Author: Michael Hunt, M.D.

Educational Pearls

  • Wells Criteria was initially designed to screen patients for further workup for PE.  
  • Aspects of the Wells Criteria include: signs and symptoms of DVT (3 points), PE most likely dia (3 points), HR > 100 (1.5 points), immobility for > 3 days or surgery in last 4 weeks (1.5 points), documented history of PE (1.5), hemoptysis (1), treatment for cancer in last 6 mo (1).
  • ACEP uses a score of less than or equal to 4 to define “low risk.” Greater than 4 is “high risk”.
  • Use Wells to guide clinical decisions about PE workup.

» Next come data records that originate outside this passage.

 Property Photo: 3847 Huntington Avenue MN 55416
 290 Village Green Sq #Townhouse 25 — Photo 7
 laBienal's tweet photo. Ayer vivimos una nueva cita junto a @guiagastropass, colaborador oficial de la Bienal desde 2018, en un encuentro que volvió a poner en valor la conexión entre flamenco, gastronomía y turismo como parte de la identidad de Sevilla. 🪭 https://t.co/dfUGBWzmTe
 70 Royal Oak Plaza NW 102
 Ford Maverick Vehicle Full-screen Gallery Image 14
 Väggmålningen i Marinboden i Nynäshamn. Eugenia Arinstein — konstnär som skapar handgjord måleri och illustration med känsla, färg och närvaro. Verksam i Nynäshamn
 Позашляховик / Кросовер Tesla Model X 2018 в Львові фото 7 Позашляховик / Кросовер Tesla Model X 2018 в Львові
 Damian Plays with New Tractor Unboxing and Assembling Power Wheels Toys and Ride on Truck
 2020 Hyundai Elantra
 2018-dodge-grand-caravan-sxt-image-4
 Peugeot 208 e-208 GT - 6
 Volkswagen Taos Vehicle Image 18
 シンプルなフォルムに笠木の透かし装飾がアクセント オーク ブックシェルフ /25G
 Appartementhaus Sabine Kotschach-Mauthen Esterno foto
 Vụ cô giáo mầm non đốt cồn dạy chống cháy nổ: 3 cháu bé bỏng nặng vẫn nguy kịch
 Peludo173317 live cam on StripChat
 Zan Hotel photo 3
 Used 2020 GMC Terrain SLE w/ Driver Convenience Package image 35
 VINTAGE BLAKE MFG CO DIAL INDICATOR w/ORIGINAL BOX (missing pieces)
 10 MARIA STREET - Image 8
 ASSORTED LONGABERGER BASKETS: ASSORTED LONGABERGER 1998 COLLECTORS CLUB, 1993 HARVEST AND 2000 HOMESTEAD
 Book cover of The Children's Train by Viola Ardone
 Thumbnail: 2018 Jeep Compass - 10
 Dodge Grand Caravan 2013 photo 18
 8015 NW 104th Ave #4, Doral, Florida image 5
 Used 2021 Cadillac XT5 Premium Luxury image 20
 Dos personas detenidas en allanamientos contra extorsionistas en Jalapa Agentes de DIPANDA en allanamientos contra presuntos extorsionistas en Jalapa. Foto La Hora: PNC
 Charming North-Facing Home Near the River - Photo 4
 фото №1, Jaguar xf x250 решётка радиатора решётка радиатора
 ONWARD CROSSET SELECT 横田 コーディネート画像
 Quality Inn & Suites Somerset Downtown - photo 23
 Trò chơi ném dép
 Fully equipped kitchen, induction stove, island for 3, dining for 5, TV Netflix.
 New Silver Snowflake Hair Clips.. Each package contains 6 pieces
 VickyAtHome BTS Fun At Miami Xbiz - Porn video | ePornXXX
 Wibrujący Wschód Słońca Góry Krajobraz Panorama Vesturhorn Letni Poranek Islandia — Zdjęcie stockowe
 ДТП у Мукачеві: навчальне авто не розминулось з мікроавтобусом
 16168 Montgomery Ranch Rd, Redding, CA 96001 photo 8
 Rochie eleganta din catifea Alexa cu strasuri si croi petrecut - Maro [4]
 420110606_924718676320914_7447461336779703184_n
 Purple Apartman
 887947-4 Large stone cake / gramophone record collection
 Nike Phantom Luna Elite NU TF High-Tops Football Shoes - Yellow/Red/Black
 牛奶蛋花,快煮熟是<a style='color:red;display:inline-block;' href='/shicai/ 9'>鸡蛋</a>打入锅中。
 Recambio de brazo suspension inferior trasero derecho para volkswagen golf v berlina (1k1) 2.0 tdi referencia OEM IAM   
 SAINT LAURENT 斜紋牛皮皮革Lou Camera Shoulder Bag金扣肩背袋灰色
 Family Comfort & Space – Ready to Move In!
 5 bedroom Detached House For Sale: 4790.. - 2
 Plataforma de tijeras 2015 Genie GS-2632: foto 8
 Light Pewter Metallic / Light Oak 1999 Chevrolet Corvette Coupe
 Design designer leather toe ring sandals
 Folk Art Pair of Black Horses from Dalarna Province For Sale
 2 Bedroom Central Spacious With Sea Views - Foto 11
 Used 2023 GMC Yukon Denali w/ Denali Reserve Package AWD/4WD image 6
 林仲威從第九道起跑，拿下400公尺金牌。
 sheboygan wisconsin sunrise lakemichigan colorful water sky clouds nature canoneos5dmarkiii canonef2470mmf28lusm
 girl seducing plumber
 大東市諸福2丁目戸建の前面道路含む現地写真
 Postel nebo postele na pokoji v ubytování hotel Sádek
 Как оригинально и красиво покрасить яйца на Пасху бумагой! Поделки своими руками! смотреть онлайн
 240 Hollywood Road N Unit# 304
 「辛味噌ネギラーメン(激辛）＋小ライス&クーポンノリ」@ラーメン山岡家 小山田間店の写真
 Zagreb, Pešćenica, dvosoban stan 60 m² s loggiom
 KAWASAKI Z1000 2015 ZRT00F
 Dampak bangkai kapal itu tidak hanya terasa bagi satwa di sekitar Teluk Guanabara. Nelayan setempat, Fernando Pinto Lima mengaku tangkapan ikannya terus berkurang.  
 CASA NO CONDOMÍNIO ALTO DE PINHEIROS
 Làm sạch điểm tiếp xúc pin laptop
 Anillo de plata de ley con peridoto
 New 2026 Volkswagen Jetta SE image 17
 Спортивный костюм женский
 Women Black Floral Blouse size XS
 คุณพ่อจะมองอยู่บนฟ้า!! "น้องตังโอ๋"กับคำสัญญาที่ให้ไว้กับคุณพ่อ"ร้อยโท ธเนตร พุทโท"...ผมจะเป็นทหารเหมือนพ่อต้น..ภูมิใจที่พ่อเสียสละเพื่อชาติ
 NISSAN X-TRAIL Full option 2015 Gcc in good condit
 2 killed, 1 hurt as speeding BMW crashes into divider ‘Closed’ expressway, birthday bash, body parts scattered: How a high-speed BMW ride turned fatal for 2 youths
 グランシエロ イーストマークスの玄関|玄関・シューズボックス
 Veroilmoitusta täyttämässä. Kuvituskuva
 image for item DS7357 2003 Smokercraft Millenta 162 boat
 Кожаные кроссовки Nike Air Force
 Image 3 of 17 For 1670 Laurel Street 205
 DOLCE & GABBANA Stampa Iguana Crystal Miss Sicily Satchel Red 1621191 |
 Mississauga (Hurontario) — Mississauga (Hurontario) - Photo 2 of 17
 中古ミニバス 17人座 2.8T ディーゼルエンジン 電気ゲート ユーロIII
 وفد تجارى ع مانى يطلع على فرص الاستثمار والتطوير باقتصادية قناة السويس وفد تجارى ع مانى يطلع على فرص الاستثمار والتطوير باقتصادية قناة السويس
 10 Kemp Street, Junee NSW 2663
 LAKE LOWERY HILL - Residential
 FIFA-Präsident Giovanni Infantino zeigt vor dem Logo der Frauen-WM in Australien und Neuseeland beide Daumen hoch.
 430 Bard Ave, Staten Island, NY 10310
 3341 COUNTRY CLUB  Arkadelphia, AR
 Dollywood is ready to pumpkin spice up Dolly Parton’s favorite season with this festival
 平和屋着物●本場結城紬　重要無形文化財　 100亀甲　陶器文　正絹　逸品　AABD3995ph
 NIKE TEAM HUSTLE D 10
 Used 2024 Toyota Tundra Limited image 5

References: http://www.ebmedicine.net/media_library/files/1212%20Pulmonary%20Embolism

Podcast #208: Vocal Cord Dysfunction

Author: Martin O’Bryan M.D.

Educational Pearls:

  • Vocal cord dysfunction can mimic other causes of stridor, such as asthma and upper airway obstruction.
  • Patients are often very anxious because of the difficulty of inspiration.
  • The definitive diagnosis is laryngoscopy that must be done by a pulmonologist.
  • The treatment is general reassurance, asthma medications will not help. CPAP and heliox can be used to help with the stridor.
  • Benzodiazepines can be used to reduce the associated anxiety.

References: https://asthmarp.biomedcentral.com/articles/10.1186/s40733-015-0009-z

Podcast #182: Syncope and PE

Run Time: 3:44 minutes

Author: Aaron Lessen, MD

Educational Pearls:

  • A new Italian study has been released, which looks at the prevalence of Pulmonary Embolism (PE) in patients admitted for syncope.
  • This study examined all patients admitted with syncope, regardless of their clinical picture, and worked them up for PE, which included wells score, D-dimer, and CT
  • Study demonstrated 1 out of 6 pts admitted for syncope had a PE.
  • Despite the headlines this study is making in the news, it is difficult to make conclusions. The study was not perfect, and mainly looked at a sick population of patients (only those who warranted admission) who had many comorbidities.  Until further studies are conduction, current practice should be to only work up syncope patients for a PE if they are exhibiting related signs and symptoms.